A lot of Maryland is in mourning (1.5 million, or 61% of voters, to be specific). People are walking around Annapolis like zombies, “still trying to get my head around it.” Post-election depression.
After any election, people typically experience a period of depression and anxiety, but rebounding after this year’s election is likely to be much more difficult. The divisive and caustic nature of this campaign, and the high stakes for some of the most crucial issues of our time, is challenging many in Maryland to come to terms with the results.
“Some of my patients are describing it is a loss similar to the space shuttle explosion or the Kennedy assassination. Going from hopeful and excited to suddenly devastated, with no time for adjustment.” —Dr. Michael Freedman of Evolve Medical.
Boaters in Annapolis can tell you that navigating out of the darkness requires slowing down and cautiously moving from one buoy to the next. Evolve Medical is offering us the following 10 steps to feeling better for those who are having trouble processing Tuesday’s election night results.
1) Take some time. No matter how many people tell you to stay positive, let yourself have some to adjust. Work at your own pace and try not to feel pressure to feel better at someone else’s pace. Give yourself time to heal.
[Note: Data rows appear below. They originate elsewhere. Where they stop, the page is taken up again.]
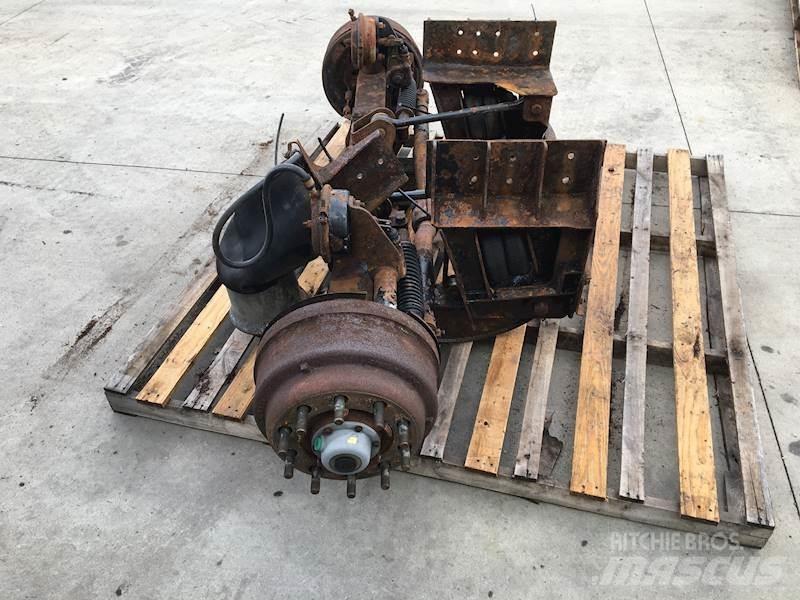 Meritor  Akslar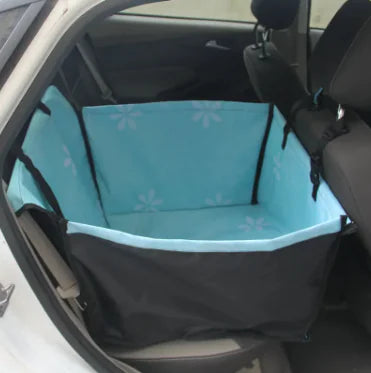 Dog Car Seat Rear Back Hammock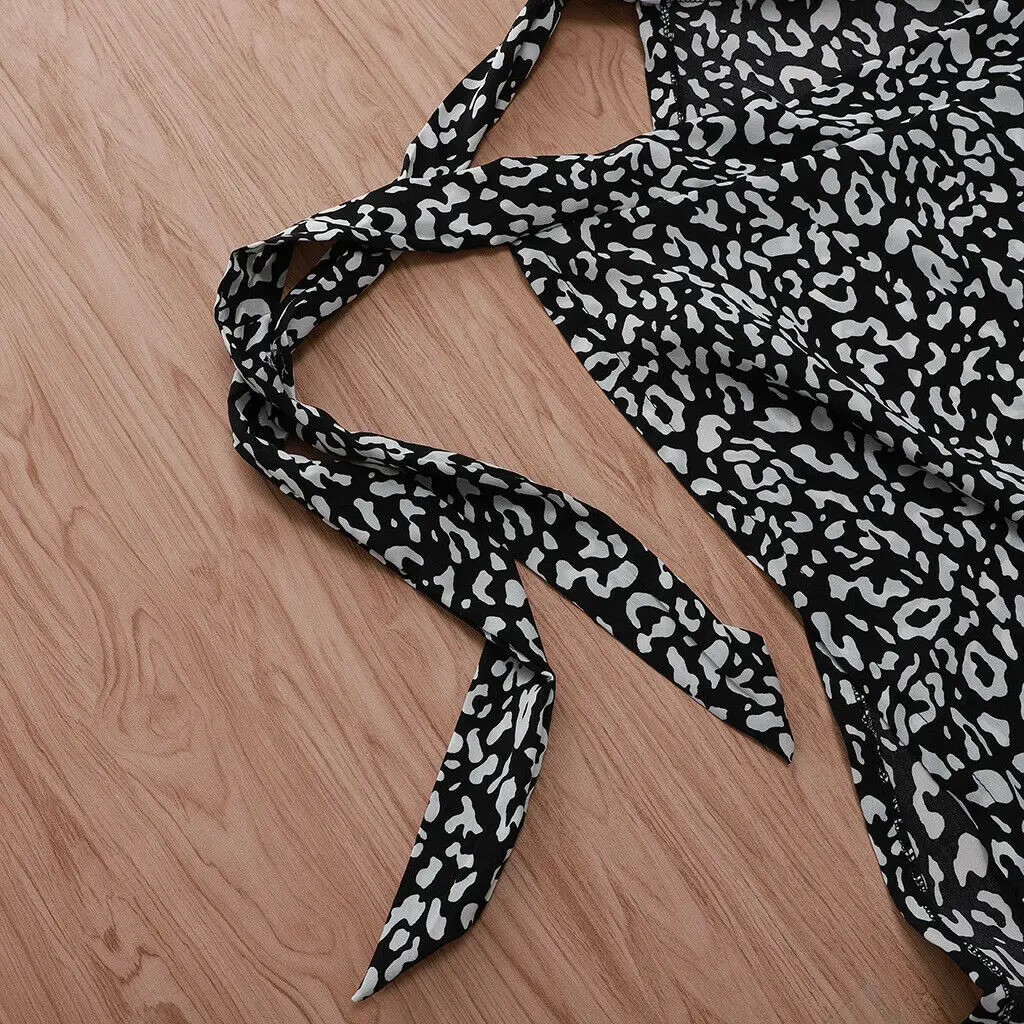 Женская летняя юбка с высокой талией и разрезом пляжная одежда шифоновый длинный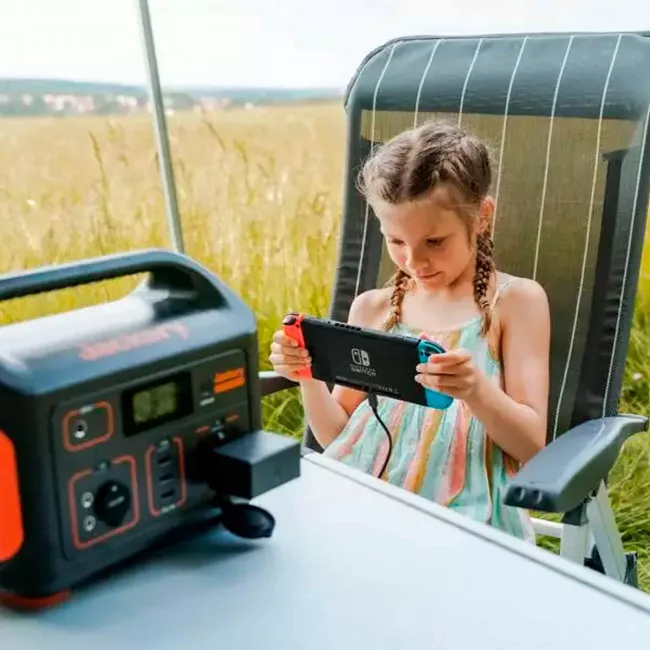 Зарядна станція Jackery Explorer 500EU (70-0500-EUO001)
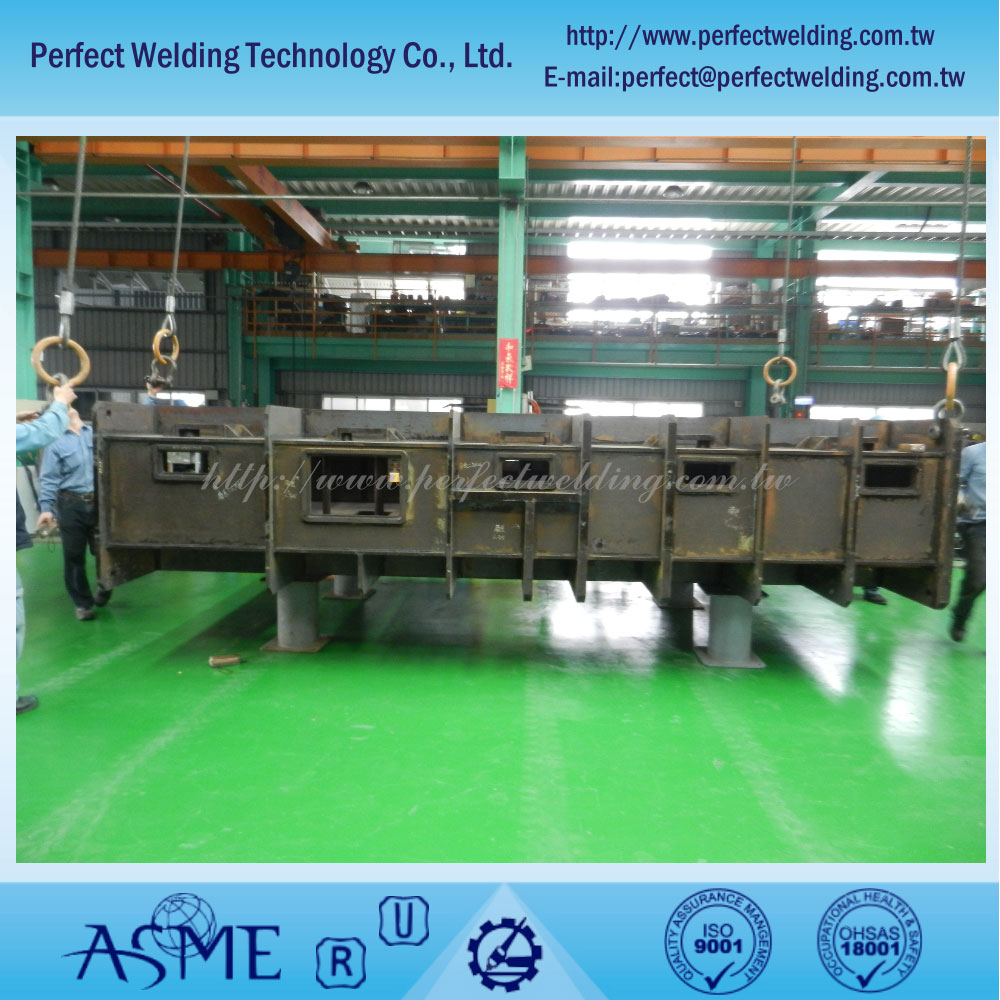 Repair for Vacuum Chamber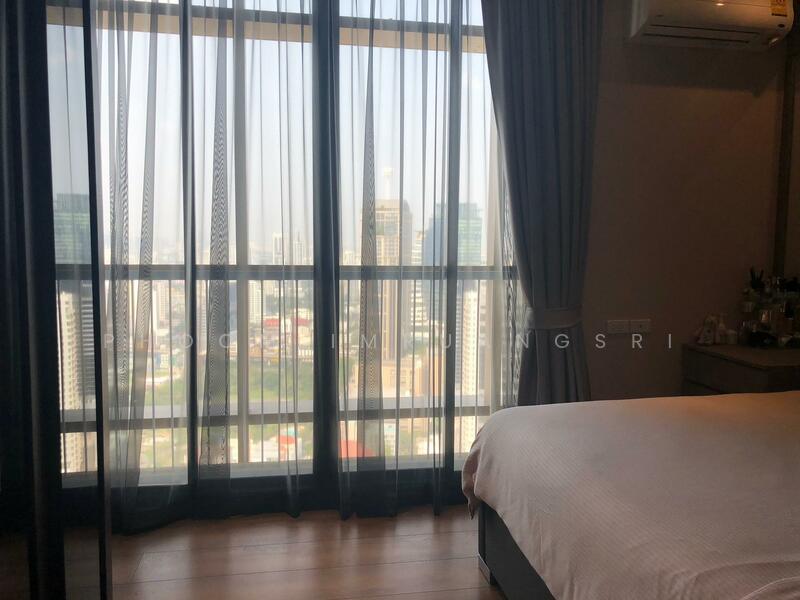 Park Origin Phrom Phong (Park 24), Bangkok, 68 Soi Sukhumvit 24, Khong Tan, Khlong Toei, Bangkok, 2 Bedrooms, 60 sqm, Condo For Rent, by Phoom Imruangsri, 60231953 - DDproperty.com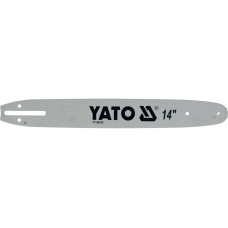 Шина напрямна ланцюгової пили YATO 14" 52 комірок для ланцюга YT-849475 YT-84918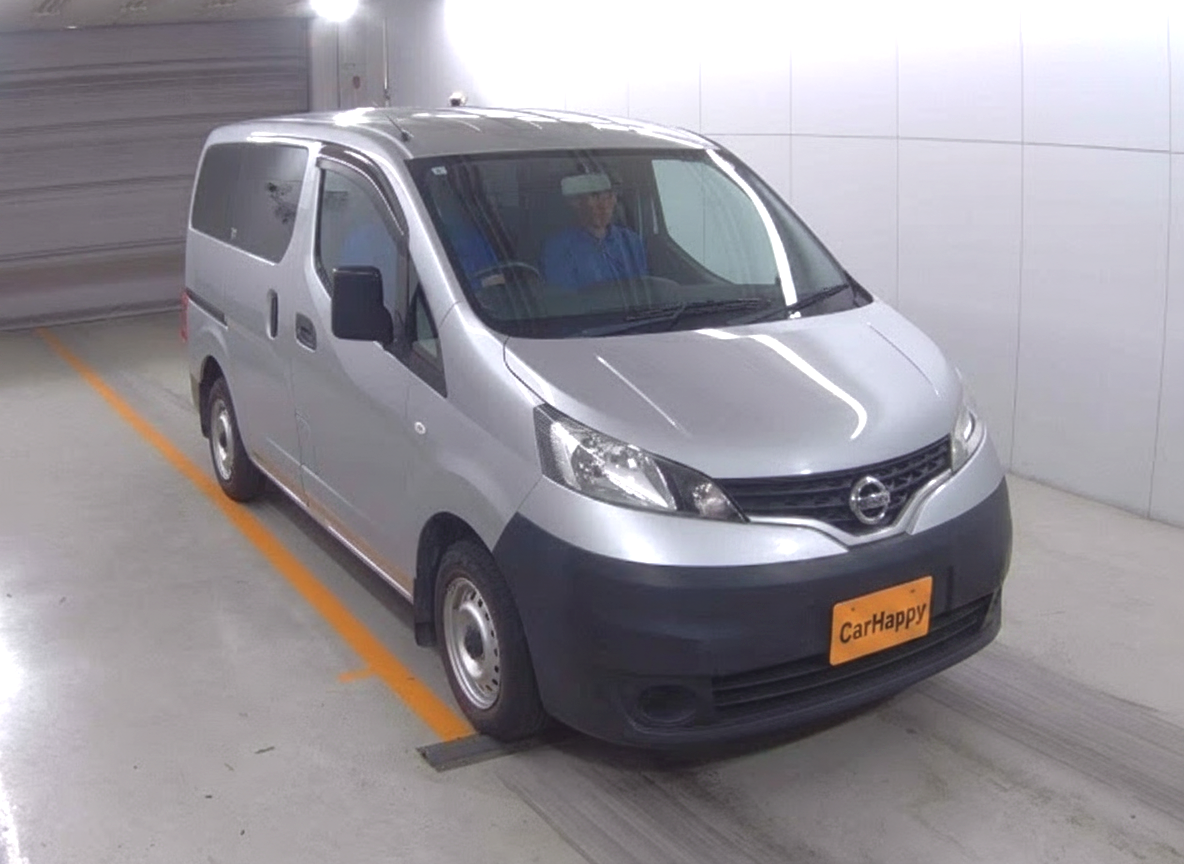 2019 Nissan NV200 VM20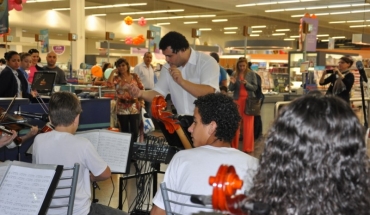 Lançamento Selo Solidário ABADEUS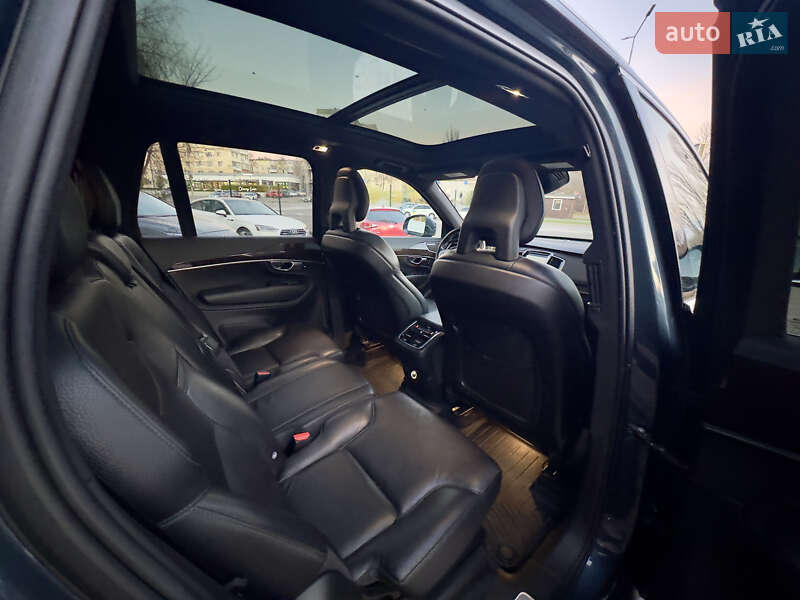 Внедорожник / Кроссовер Volvo XC90 2018 в Виннице фото 35 Внедорожник / Кроссовер Volvo XC90 2018 в Виннице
2) Stay in the now. It’s natural to worry about all the “what ifs” and “what is going to happen with this or that”. But spending time worrying about things that haven’t happened yet (and may not happen) is really psychically damaging (and depressing). Our brains will jump into worst-case scenarios but our feelings today of anger, disappointment, frustration and confusion are more than enough for today–we don’t need to pile on more. Try to stay in the now as much as possible.
3) Let it out. If you need to yell, find somewhere private and quiet then go ahead and scream. Or run. Or hit the gym. Or hit some golf balls. Work around the house. Go for a walk in the woods. (Did you know walking in nature improves brain chemistry? Read this NYT article). Burn up some negative energy and get ready to let it go.
4) Begin to accept reality. Realize that you do not have to like the reality to accept that it is the new reality. Moving past the denial and anger phases is the hardest part of grieving. Holding on to anger only burns the hand that holds it. Let it go and make a plan to move forward.
5) Step in to action. Feeling helpless is dangerous–and not mentally healthy. Focus on what you CAN control and not the past. Set up goals and a plan–for yourself and for your family. Exercise, eat better, volunteer, help your neighbors and friends more. Divert all that negative energy into doing something positive that you DO have control over.
6) Take a “news break”. Seriously. Stop reading news reports and visiting news sites. Don’t engage in social media. Take a break. It’ll help more than you can imagine.
7) Find empathy. The vast majority of people that supported the other candidate are not crazy, evil villains or
monsters. Instead try to accept that they have a different background and set of experiences that brought them to their decision. At the very least, work towards be empathetic with someone–and realize you can do this without agreeing with their thoughts. (Hint: this will help you more than them.)
8) Tap your social support. Lean on each other. Spend time with people that make you happy–whether they are friends, co-workers or family. Stay in touch–ideally in person. Meet for coffee–even if just for 10 minutes. Get a hug (seriously). Don’t isolate!
9) Gratitude. It can be very challenging during difficult times but begin to list all the things you are grateful. Are you alive? Do you have a friend or family? Do you have a warm bed at night? Enough food to eat? Health? Seems overly simplistic but focusing on some basics is a great start. What else? Grow your list and review it when you are feeling down.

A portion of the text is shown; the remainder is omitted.